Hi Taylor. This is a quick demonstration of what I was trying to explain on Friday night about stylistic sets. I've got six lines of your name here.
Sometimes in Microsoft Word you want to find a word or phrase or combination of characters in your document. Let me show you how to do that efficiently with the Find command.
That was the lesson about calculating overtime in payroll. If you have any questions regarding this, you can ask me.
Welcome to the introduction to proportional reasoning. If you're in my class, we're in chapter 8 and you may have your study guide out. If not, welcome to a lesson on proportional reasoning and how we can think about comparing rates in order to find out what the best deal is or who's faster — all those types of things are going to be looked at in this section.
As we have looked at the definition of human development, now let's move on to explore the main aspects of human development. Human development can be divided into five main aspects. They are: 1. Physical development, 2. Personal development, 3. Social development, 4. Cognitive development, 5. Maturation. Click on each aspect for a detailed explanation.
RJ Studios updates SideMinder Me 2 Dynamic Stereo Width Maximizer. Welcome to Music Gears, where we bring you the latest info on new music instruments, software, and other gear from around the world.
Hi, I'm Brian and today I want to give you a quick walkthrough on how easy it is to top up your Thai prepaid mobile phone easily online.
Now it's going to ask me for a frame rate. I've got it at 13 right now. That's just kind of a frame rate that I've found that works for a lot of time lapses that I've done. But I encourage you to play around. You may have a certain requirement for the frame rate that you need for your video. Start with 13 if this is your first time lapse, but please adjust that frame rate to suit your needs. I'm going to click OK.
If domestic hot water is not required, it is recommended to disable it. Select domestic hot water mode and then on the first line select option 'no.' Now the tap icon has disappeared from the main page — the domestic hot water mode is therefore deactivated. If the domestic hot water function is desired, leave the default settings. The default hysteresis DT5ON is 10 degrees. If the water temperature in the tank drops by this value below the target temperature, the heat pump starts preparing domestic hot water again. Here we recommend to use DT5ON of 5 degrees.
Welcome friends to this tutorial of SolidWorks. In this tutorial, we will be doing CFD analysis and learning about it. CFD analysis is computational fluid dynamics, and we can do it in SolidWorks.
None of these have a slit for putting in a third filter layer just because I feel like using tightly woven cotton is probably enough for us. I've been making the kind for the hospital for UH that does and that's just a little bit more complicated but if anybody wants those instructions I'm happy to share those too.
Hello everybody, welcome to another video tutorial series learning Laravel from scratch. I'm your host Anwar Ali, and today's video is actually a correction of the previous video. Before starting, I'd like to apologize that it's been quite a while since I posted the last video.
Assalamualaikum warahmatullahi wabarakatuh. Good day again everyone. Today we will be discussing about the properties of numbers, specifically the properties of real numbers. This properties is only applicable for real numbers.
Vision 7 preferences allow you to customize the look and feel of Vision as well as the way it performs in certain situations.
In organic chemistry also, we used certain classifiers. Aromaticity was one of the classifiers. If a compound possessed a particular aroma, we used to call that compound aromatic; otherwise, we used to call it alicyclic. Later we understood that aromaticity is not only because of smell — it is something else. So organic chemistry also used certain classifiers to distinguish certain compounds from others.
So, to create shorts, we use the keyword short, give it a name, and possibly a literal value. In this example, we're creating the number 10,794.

- - -

* _Work required_: Report every line from the material above that mentions the word "quick".

* _Result of this exercise_:
Hi Taylor. This is a quick demonstration of what I was trying to explain on Friday night about stylistic sets. I've got six lines of your name here.
Hi, I'm Brian and today I want to give you a quick walkthrough on how easy it is to top up your Thai prepaid mobile phone easily online.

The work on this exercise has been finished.